WHEREAS, pursuant to the Plan, the Company desires to grant the Grantee Restricted Shares on the terms and conditions set forth herein.
NOW, THEREFORE, in consideration of the mutual covenants hereinafter set forth and for other good and valuable consideration, the receipt and adequacy of which is hereby acknowledged, the parties hereto agree as follows:
1. Grant of Restricted Shares. The Company hereby grants to the Grantee Restricted Shares (the “Restricted Shares”) on the terms and conditions set forth herein. The Restricted Shares granted hereunder shall be registered in the Grantee’s name, but the certificates evidencing such Restricted Shares shall be appropriately legended and retained by the Company during the period prior to the vesting of such shares as set forth in Section 3 hereof (the “Restriction Period”). Upon request, the Grantee shall execute a stock power, in blank, with respect to such Restricted Shares and deliver the same to the Company. The Grantee expressly acknowledges receipt of a copy of the Plan and agrees to be bound by all of the provisions of this Agreement and the Plan.
2. Non-Transferability. During the Restriction Period, the Grantee may not sell, transfer, pledge, or otherwise encumber or dispose of the Restricted Shares.
3. Vesting and Lapse of Restrictions; Forfeiture.
(a) Definitions. For purposes of this Agreement, the following capitalized terms shall have the following meanings:
(i) “Cause” means Cause as defined in any employment agreement between the Grantee and the Company or any Subsidiary or, in the absence of any such definition, means (A) the substantial and continued failure of the Grantee to perform material duties reasonably required of the Grantee by the Company or any Subsidiary or the Company’s Board of Directors, as applicable (it being understood that a failure to attain performance objectives shall not in and of itself be treated as a failure to perform material duties for purpose of this clause (A)) for a period of not less than thirty (30) consecutive days, provided notice in
writing from the Company or its Board of Directors, as applicable, is given to the Grantee specifying in reasonable detail the circumstances constituting such substantial and continued failure, (B) conduct by the Grantee substantially disloyal to the Company which conduct is identified in reasonable detail by notice in writing from the Company or the Board of Directors, as applicable, and which conduct, if susceptible of cure, is not cured by the Grantee within 30 days of the Grantee’s receipt of such notice, (C) any act of fraud, embezzlement or misappropriation by the Grantee against the Company or any Subsidiary, (D) the conviction of the Grantee of a felony or plea by the Grantee of guilty or “nolo contendre” to the charge of a felony, or (E) in the case of a Grantee who is a director of the Company, removal of the Grantee from the Board of Directors for cause under applicable law. The definition of “Cause” herein shall not modify, amend or otherwise affect the definition of “Cause” in any employment or other agreement with the Company or any Subsidiary.

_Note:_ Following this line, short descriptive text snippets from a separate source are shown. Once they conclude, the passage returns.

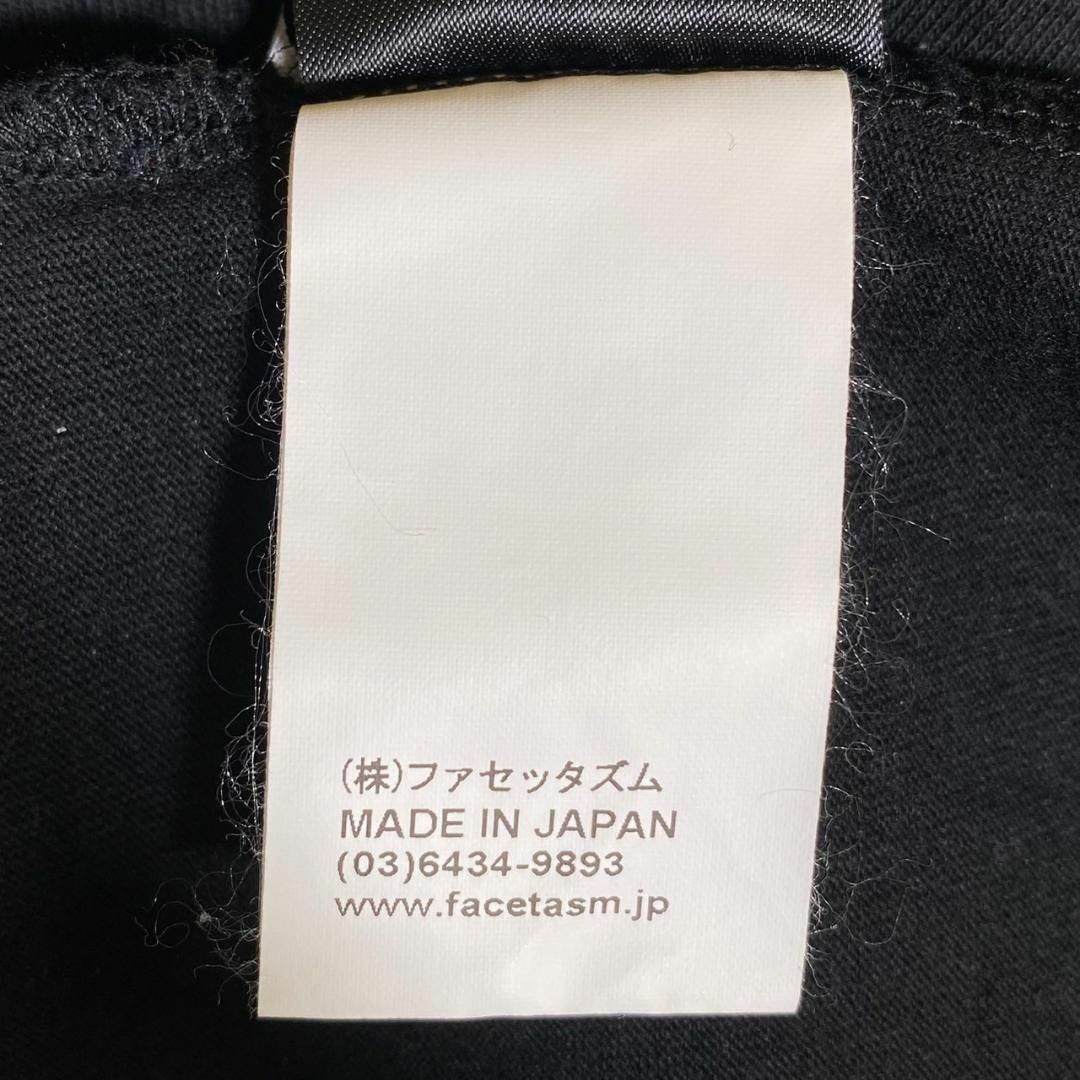 『ファセッタズム × ディズニー』(1) ミッキープリント 半袖Tシャツ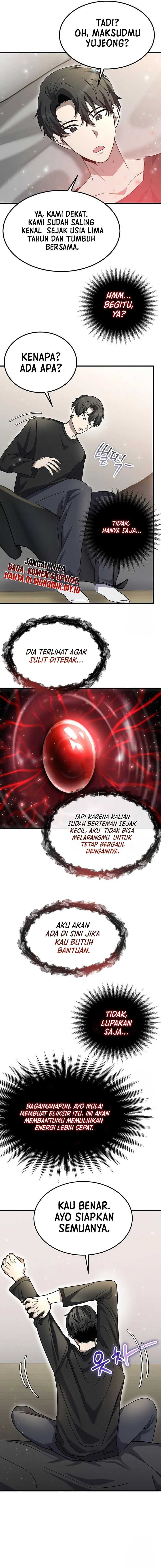 The Regressed Genius Player’s Legendary Weapon Creation Chapter 16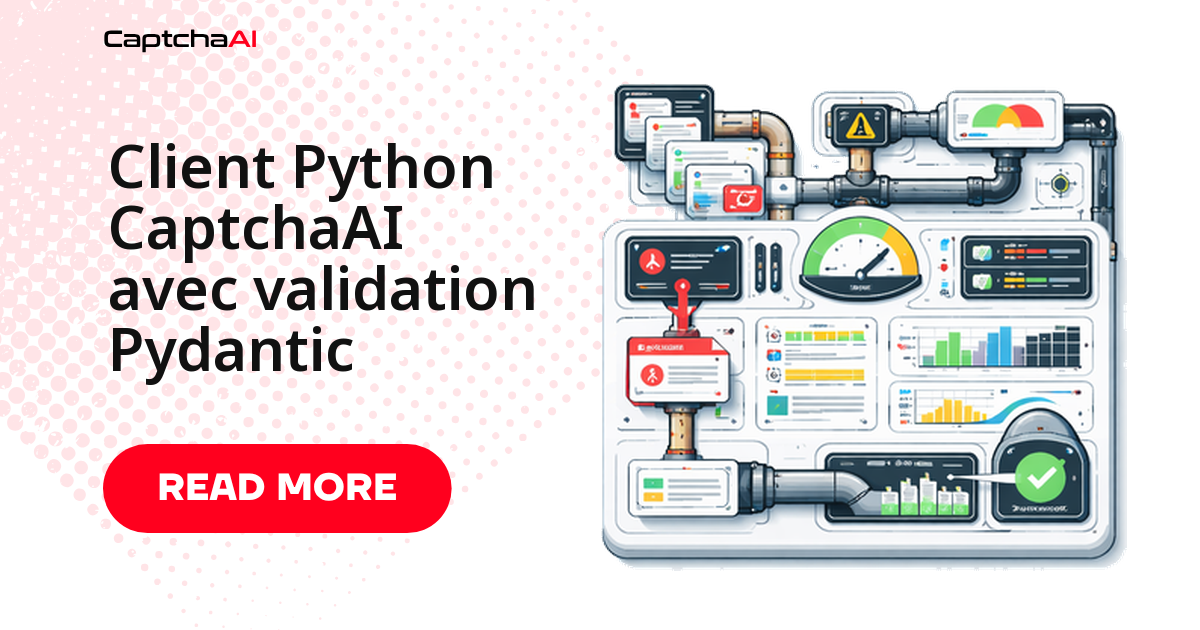 Client Python CaptchaAI avec validation Pydantic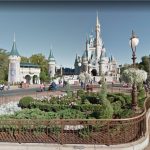 Be A Virtual Guest: Google Maps Adds Disney Parks To Street View   Google Maps Orlando Florida Street View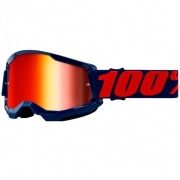 Óculos 100% Strata 2 Masego Off Road Motocross Trilha Enduro Downhill
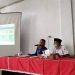 Kepala Dispangtan Kota Malang, Ade Herwanto saat menerangkan gagasan Program Urban Farming Arema, Jumat (19/2/2021).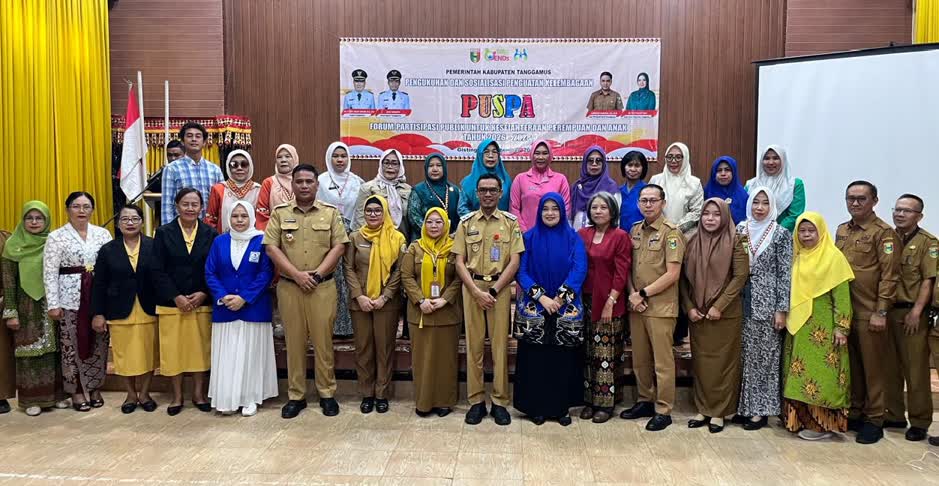 Selamat Mbak! Wakil Ketua TP-PKK Tanggamus Resmi Dikukuhkan Sebagai Ketua Forum PUSPA Tanggamus 2026-2028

(ii) “Disability” means Disability as defined in any employment agreement between the Grantee and the Company or any Subsidiary or, in the absence of any such definition, means any physical or mental disability or infirmity that prevents the performance of the Grantee’s duties with the Company or Subsidiary for a period of (i) ninety (90) consecutive days or (ii) one hundred eighty (180) non-consecutive days during any twelve (12) month period. The definition of “Disability” herein shall not modify, amend or otherwise affect the definition of “Disability” in any employment or other agreement with the Company or any Subsidiary.
(iii) [Deleted]
(iv) “Material Acquisition or Divestiture” shall mean any acquisition or divestiture or other business combination not involving a Change in Control, that has or will result in an increase or decrease in Operating Profits exceeding $ USD (the “Materiality Threshold”). An acquisition (or business combination) will be deemed to result in an increase in Operating Profits exceeding the Materiality Threshold if the acquired business’s operating profits measured over the most recently completed fiscal year immediately preceding the date of acquisition (or business combination) exceeded $ USD. A divestiture will be deemed to result in a decrease in Operating Profits exceeding the Materiality Threshold if the divested business’ operating profits measured over the most recently completed fiscal year immediately preceding the divestiture exceeded $ USD.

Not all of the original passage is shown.